WHAT YOU SHOULD DO: Count the lines holding the string "produced" in the records, and give only the count.

··········

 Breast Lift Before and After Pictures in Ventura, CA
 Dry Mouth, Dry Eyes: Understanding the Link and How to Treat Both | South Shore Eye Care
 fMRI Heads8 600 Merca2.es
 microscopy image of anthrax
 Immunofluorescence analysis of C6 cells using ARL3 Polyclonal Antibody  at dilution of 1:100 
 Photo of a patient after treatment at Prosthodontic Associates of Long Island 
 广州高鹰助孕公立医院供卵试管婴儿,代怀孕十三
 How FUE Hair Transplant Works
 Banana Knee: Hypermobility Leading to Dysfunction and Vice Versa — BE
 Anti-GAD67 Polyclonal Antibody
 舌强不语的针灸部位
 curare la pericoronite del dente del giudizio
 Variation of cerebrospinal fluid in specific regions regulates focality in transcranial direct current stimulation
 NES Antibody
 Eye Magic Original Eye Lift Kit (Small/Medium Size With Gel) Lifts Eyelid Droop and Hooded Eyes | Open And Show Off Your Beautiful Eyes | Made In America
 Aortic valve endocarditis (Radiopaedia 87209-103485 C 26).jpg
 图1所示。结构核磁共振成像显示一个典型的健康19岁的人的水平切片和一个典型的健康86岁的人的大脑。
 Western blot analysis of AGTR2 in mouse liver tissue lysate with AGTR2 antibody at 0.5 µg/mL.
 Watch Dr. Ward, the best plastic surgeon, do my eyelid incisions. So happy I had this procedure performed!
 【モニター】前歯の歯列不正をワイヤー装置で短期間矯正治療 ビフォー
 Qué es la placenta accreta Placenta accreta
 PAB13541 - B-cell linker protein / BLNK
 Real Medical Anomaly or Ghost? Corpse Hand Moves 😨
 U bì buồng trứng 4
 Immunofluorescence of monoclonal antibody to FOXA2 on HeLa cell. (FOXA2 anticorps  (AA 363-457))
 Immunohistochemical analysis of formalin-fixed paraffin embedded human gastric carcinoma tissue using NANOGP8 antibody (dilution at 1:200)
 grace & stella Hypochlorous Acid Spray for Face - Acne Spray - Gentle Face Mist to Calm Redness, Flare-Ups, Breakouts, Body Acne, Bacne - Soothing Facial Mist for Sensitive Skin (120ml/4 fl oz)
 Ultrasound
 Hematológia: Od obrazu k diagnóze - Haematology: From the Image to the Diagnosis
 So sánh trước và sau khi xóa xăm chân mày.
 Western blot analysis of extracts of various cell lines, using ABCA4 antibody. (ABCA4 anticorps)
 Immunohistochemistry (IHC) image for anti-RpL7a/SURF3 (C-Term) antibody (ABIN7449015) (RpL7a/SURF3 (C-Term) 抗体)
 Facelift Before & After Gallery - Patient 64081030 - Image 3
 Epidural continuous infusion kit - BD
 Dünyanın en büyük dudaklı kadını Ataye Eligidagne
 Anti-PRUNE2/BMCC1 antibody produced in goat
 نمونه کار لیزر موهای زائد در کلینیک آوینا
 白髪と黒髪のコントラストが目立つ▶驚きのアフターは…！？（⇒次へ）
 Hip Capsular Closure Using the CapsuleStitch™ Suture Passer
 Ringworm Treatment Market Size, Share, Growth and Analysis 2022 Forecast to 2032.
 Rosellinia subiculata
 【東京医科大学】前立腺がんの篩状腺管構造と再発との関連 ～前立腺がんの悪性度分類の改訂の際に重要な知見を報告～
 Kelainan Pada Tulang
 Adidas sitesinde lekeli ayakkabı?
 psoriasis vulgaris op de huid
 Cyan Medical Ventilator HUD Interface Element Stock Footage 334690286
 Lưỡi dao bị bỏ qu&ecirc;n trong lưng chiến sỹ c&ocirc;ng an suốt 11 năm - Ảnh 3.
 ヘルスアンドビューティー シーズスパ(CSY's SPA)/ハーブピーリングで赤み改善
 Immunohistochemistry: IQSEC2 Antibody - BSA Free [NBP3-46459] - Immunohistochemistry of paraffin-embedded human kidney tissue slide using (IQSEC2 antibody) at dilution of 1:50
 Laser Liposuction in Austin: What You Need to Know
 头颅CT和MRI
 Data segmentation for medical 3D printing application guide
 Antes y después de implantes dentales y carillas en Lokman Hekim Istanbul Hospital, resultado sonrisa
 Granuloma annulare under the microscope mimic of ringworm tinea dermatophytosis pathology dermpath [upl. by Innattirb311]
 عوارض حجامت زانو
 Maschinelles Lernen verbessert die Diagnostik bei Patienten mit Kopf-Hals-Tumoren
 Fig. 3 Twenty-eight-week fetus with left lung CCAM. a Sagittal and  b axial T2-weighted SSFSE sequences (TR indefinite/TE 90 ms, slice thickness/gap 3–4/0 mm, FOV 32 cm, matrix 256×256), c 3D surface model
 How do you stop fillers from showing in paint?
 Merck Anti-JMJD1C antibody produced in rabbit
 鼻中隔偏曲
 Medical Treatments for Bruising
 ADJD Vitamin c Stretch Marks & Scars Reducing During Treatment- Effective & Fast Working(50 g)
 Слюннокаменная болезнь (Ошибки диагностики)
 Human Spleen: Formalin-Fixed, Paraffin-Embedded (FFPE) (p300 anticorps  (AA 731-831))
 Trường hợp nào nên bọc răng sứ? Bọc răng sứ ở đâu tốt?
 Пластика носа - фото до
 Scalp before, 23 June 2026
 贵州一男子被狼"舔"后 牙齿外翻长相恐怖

··········

SOLUTION BELOW: 2